Sağlığa fazladan bir faydası var
İspanyol araştırmacılar bir araştırmada geleneksel Akdeniz diyetine kuruyemiş eklemenin sağlığa fazladan bir faydası olduğunu buldular. Bu fayda metabolik sendrom riski ile bağlantılıdır.
Predimed araştırması 55 ila 80 yaş arasında, yüksek kardiyovasküler hastalık riski taşıyan ve yüzde 61.4’ü metabolik sendrom kriterlerini karşılayan 1224 İspanyol’la yapılmış. Katılımcılar rastgele 3 ayrı gruba ayrılarak üç farklı diyet tipi uygulanmış.
1. diyet düşük - yağlı tavsiyelerden oluşurken
2. diyet haftada bir litre sızma zeytinyağı verilen Akdeniz diyeti
3. diyet ise 30 gram kuruyemiş verilen Akdeniz diyet grubu olarak seçilmiş.

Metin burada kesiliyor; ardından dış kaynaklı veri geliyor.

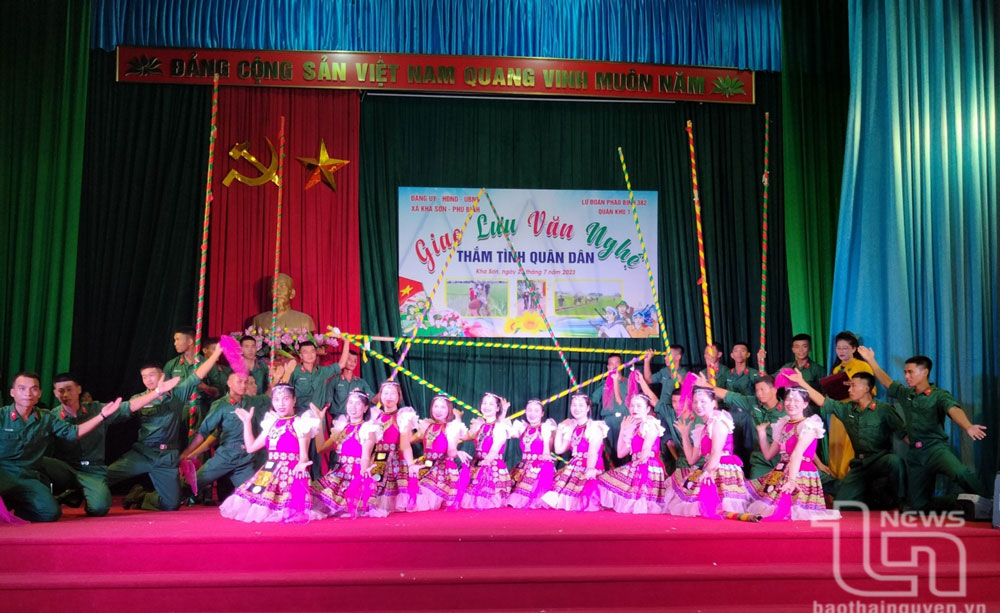 Không chỉ tham gia lao động sản xuất, cán bộ, chiến sĩ còn phối hợp tổ chức nhiều hoạt động văn nghệ, thể thao để tạo sự gắn bó, đoàn kết quân dân. Trong ảnh: Buổi giao lưu văn nghệ “Thắm tình quân dân” tại xã Kha Sơn (Phú Bình).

Bu gruplardan hiçbirinde bir yılda kilo değişikliği görülmese de metabolik sendrom şikâyetleri düşük - yağlı diyet grubunda yüzde 2, sızma zeytinyağı grubunda yüzde 6.7, karışık yemiş grubunda ise yüzde 13.7 düşüş göstermiş.

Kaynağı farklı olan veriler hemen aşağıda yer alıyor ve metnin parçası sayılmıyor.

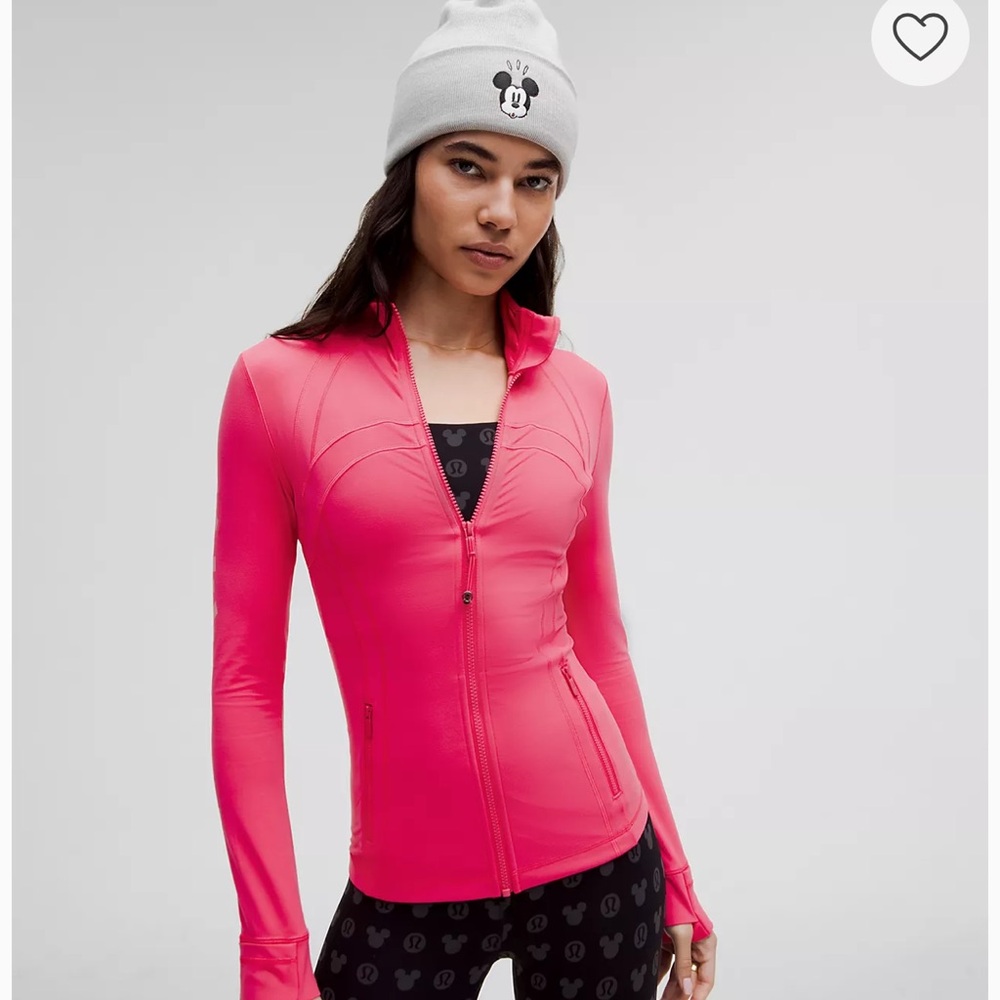 Disney x lululemon
Define Jacket Nulu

Akdeniz diyeti ve kuruyemiş tüketen grupta bel çevresi geniş olan, yüksek tligliseridi veya yüksek tansiyonu olan katılımcı sayısı önemli ölçüde düşüş göstermiş. Bu bulgular diyetin bazı unsurlarının, özellikle kuruyemişlerin, metabolik sendromun bazı özellikleri üzerinde faydalı etkileri olabileceğini gösteriyor.
Akdeniz diyeti nedir?
Tüm dünyada yağı az (doymuş yağı), posası fazla, tuz oranı düşük olan tipik Akdeniz mutfağı sağlıklı beslenme olarak önerilmektedir. Bu beslenme şekli kırmızı ete az yer verir, balık, tahıl, sebze, meyve ve lif ağırlıklıdır, zeytinyağı en önemli besindir. Süt yoğurt ve peynir, protein kaynağı olarak balıkla birlikte yer alır. Bu beslenme tipi kalp damar hastalıkları ve kansere karşı koruyuculukla uzun ve kaliteli bir yaşamın anahtarıdır.
Metabolik sendrom
Metabolik sendrom, abdominal obezite, yüksek tansiyon, yüksek kolesterol ve glokuz intoleransı dahil olmak üzere hepsi tip 2 diyabetin yanı sıra koroner kalp hastalıkları ve damar duvarlarında plak birikmesiyle ilgili diğer hastalıklar için risk faktörü olan bir grup sağlık sorunu ile karakterizedir. Önemli göstergelerinden biri bel çevresinde yağlanma ve kalınlaşmadır. Türkiye Metabolik Sendrom Araştırma Grubu’nun (METSAR) yaptığı çalışmaya göre ülkemizde kentlerde metabolik sendrom sıklığı ortalama yüzde 33,8 olarak bulunmuştur. Bu verilere göre Türkiye’de 20 yaş üstü nüfusunu yaklaşık 1/3’ü metabolik sendromludur. Metabolik sendrom Amerika’da da gittikçe yaygınlaşmaktadır.
20-25 adet badem veya bir ceviz
Kuruyemişler yüksek miktarda zeytinyağına benzer doymamış yağın yanı sıra lif, potasyum, kalsiyum ve magnezyum gibi faydalı besinler içeriyor. Günde yaklaşık 20-25 adet badem veya fındık veya 6 tam ceviz yemeniz yeterlidir.”